Task description |
All lines at and after the one containing "Exemplifying exceptional craftsmanship", up to the end of the listing below, are to be printed exactly, with the pictures omitted.

Provided data |
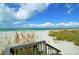 Stairway to a white sandy beach with sea oats and a view of the ocean at 4320 Falmouth Dr # 301, Longboat Key, FL 34228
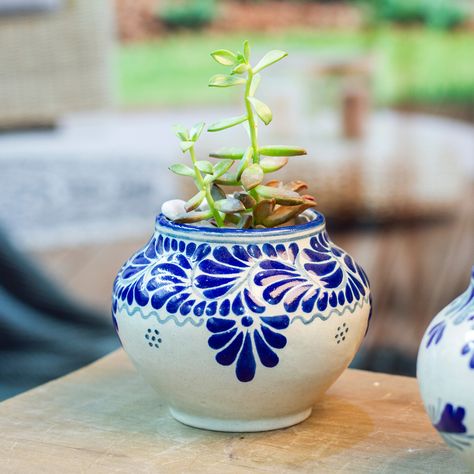 Exemplifying exceptional craftsmanship and unmatched beauty, this vibrant ceramic flower pot is truly captivating thanks to its meticulously hand-painted floral and leaf motifs in an exquisite lapis hue against an off-white background. Mexicos Isabelle Collins draws inspiration from traditional Talavera techniques to craft this fabulous planter that will elevate any interior design scheme. Mexican Pottery Vase, Diy Talavera Pottery, Blue Pottery Decor, Painting Pot Ideas, Mexican Pottery Designs, Mexican Vases, Mexican Ceramics Pottery, Mexican Pots, Mexican Pottery Decor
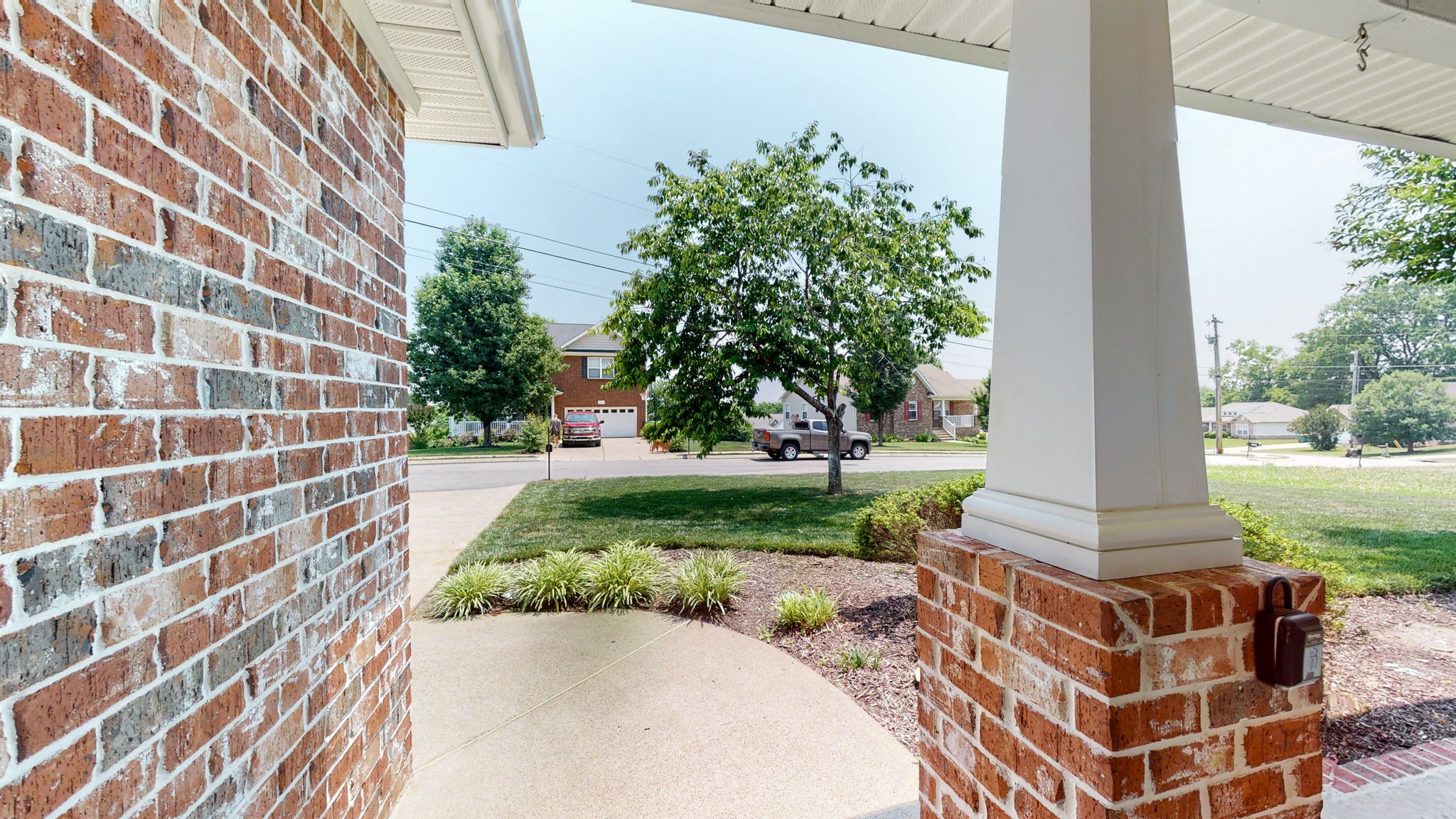 6025 Chickadee Circle Spring Hill, TN 37174 - Photo 3 of 44 a front view of a house with a yard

Answer for the task |
 Exemplifying exceptional craftsmanship and unmatched beauty, this vibrant ceramic flower pot is truly captivating thanks to its meticulously hand-painted floral and leaf motifs in an exquisite lapis hue against an off-white background. Mexicos Isabelle Collins draws inspiration from traditional Talavera techniques to craft this fabulous planter that will elevate any interior design scheme. Mexican Pottery Vase, Diy Talavera Pottery, Blue Pottery Decor, Painting Pot Ideas, Mexican Pottery Designs, Mexican Vases, Mexican Ceramics Pottery, Mexican Pots, Mexican Pottery Decor
 6025 Chickadee Circle Spring Hill, TN 37174 - Photo 3 of 44 a front view of a house with a yard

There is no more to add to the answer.